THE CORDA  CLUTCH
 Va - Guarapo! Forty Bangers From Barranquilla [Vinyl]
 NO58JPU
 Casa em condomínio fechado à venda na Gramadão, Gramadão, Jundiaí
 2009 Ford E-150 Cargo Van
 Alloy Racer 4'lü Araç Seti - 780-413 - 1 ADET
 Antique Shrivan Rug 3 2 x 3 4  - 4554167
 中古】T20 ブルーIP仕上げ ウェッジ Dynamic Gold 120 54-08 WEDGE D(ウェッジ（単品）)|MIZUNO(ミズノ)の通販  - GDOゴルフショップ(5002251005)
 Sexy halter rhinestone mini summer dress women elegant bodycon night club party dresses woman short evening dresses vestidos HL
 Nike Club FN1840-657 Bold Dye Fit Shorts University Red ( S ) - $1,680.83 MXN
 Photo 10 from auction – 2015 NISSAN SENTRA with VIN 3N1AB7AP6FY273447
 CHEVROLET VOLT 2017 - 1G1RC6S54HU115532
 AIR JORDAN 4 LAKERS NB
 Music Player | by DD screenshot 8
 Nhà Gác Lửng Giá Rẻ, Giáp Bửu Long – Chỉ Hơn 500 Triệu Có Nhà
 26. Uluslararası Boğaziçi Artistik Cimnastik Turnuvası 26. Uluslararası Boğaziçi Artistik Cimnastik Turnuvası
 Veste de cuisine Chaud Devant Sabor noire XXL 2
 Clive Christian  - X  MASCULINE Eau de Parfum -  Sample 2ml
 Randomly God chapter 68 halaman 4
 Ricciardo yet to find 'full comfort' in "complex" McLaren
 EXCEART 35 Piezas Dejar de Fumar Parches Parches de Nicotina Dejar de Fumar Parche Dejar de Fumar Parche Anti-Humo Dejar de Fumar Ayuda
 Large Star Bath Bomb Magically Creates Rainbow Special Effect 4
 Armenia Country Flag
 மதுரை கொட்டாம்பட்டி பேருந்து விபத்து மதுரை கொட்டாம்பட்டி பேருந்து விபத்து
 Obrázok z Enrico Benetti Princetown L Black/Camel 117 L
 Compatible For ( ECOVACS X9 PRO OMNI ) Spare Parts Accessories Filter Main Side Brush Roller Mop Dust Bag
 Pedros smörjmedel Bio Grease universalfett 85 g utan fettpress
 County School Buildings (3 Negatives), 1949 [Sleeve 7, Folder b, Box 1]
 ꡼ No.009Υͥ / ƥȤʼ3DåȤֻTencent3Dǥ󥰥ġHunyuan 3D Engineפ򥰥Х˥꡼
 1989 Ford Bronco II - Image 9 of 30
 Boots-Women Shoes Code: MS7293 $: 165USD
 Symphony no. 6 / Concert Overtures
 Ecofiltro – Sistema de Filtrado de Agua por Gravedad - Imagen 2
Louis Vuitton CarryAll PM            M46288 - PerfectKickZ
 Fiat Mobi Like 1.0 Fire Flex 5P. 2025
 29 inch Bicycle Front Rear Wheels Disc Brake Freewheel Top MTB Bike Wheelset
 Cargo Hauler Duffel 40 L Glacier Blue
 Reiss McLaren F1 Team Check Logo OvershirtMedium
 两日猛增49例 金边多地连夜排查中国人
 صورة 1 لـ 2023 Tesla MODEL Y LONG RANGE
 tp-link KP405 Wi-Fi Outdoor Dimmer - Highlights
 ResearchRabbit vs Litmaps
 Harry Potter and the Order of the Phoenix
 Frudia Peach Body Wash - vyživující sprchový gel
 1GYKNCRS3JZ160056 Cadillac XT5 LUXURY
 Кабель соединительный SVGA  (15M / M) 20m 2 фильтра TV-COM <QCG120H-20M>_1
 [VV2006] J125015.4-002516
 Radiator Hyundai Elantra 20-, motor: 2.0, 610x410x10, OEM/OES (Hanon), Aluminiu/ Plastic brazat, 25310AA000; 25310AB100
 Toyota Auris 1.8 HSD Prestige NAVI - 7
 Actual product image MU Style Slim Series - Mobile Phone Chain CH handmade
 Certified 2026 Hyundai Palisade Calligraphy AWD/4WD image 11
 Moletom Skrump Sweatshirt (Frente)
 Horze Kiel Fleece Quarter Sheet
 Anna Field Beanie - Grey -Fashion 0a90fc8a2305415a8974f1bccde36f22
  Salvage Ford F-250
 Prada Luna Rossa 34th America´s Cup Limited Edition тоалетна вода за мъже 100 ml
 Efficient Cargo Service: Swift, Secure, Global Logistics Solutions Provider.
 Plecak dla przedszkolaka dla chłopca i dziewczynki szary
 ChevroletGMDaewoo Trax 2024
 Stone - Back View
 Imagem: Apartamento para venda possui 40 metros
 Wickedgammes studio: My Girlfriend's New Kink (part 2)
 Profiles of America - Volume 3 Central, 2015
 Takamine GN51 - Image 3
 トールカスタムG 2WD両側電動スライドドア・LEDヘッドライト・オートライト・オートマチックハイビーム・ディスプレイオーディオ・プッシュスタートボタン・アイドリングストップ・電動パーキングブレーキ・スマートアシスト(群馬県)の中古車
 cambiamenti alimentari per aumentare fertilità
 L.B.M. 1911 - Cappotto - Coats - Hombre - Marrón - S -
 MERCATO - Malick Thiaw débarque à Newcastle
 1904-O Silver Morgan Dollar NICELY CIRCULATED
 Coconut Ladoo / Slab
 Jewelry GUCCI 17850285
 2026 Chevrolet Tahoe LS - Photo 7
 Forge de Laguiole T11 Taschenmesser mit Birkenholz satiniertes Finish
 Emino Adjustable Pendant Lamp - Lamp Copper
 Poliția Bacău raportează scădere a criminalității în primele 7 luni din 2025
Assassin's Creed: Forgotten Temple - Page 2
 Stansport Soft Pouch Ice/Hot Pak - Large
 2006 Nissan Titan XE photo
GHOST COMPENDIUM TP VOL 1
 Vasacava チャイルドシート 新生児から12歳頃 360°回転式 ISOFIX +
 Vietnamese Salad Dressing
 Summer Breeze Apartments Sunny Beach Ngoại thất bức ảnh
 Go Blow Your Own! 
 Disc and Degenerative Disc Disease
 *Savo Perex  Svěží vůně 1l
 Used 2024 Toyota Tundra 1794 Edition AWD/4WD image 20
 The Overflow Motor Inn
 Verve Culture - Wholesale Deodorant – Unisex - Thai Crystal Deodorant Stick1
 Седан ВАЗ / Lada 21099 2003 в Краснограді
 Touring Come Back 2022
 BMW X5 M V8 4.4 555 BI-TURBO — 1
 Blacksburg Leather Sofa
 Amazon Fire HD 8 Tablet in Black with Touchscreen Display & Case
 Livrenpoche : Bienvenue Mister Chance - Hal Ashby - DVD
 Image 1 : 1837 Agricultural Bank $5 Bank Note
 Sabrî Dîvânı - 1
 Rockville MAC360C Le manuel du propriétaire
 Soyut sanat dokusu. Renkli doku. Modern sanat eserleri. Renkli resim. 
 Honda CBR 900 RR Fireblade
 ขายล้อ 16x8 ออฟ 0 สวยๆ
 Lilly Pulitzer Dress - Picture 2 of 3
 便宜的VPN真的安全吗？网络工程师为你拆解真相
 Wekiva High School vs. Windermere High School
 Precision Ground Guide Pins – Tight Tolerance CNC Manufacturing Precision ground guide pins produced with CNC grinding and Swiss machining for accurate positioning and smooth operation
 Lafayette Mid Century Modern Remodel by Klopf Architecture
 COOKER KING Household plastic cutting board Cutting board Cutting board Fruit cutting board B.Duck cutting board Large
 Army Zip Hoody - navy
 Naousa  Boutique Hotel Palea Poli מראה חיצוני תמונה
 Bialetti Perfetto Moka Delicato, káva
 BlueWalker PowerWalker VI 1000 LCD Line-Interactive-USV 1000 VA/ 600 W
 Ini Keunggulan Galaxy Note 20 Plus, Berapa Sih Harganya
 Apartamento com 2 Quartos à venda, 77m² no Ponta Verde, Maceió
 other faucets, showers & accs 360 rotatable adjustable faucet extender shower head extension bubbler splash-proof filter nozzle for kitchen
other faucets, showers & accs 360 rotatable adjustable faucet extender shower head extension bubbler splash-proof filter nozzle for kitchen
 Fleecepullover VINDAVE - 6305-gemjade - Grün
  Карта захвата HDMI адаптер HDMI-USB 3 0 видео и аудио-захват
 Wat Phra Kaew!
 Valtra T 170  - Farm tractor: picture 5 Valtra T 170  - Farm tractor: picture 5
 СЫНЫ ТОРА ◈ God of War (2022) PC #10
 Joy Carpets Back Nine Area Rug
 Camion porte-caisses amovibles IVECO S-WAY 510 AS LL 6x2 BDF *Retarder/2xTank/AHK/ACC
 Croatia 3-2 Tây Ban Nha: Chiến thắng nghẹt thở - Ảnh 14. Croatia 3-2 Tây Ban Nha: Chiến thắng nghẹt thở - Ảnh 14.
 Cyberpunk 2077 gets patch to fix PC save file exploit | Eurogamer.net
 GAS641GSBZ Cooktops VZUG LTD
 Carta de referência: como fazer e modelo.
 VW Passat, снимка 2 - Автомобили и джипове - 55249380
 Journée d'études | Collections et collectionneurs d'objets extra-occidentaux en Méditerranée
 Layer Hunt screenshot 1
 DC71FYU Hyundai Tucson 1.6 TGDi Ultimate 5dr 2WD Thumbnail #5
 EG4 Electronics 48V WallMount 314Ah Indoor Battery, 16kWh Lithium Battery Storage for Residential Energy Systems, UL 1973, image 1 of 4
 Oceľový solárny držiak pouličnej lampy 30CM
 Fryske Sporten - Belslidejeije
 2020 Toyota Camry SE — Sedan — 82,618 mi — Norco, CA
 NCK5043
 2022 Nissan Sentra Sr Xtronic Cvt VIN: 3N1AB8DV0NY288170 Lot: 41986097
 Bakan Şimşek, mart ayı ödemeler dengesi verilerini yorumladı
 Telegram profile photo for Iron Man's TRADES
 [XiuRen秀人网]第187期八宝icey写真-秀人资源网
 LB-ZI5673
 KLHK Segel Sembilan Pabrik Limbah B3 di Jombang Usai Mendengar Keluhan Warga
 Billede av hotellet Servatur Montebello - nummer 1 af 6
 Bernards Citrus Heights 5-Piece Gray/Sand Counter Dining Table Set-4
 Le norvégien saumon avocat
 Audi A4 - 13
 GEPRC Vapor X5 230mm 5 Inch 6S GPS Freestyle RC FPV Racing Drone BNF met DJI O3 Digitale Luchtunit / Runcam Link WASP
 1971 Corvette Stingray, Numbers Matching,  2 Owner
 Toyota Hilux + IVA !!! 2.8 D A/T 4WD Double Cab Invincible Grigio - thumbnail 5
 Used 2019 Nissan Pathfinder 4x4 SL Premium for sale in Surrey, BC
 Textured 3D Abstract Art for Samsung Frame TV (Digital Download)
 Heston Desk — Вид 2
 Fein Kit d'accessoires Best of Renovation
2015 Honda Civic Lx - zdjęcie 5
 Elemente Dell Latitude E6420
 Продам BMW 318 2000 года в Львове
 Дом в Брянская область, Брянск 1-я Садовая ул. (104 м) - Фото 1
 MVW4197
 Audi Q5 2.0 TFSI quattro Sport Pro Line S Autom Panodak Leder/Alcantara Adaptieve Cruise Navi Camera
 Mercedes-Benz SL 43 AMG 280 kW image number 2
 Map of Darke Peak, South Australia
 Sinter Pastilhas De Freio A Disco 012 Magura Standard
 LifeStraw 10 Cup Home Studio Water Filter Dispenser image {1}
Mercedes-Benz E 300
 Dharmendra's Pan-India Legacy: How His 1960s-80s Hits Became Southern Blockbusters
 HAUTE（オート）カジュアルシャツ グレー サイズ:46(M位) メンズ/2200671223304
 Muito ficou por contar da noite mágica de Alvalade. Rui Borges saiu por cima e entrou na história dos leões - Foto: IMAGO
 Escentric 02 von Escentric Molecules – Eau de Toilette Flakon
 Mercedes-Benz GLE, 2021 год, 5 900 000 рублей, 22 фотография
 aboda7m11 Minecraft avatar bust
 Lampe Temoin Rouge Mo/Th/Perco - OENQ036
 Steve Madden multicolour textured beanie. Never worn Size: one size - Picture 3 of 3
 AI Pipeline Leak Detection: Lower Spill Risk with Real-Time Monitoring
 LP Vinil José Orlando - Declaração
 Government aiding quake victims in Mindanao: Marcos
---------------
Problem to solve ->
Return, unchanged, the run of lines above that opens with the line containing "AIR JORDAN 4 LAKERS NB" and closes with the line containing "Ricciardo yet to". Include both.

Expected answer ->
 AIR JORDAN 4 LAKERS NB
 Music Player | by DD screenshot 8
 Nhà Gác Lửng Giá Rẻ, Giáp Bửu Long – Chỉ Hơn 500 Triệu Có Nhà
 26. Uluslararası Boğaziçi Artistik Cimnastik Turnuvası 26. Uluslararası Boğaziçi Artistik Cimnastik Turnuvası
 Veste de cuisine Chaud Devant Sabor noire XXL 2
 Clive Christian  - X  MASCULINE Eau de Parfum -  Sample 2ml
 Randomly God chapter 68 halaman 4
 Ricciardo yet to find 'full comfort' in "complex" McLaren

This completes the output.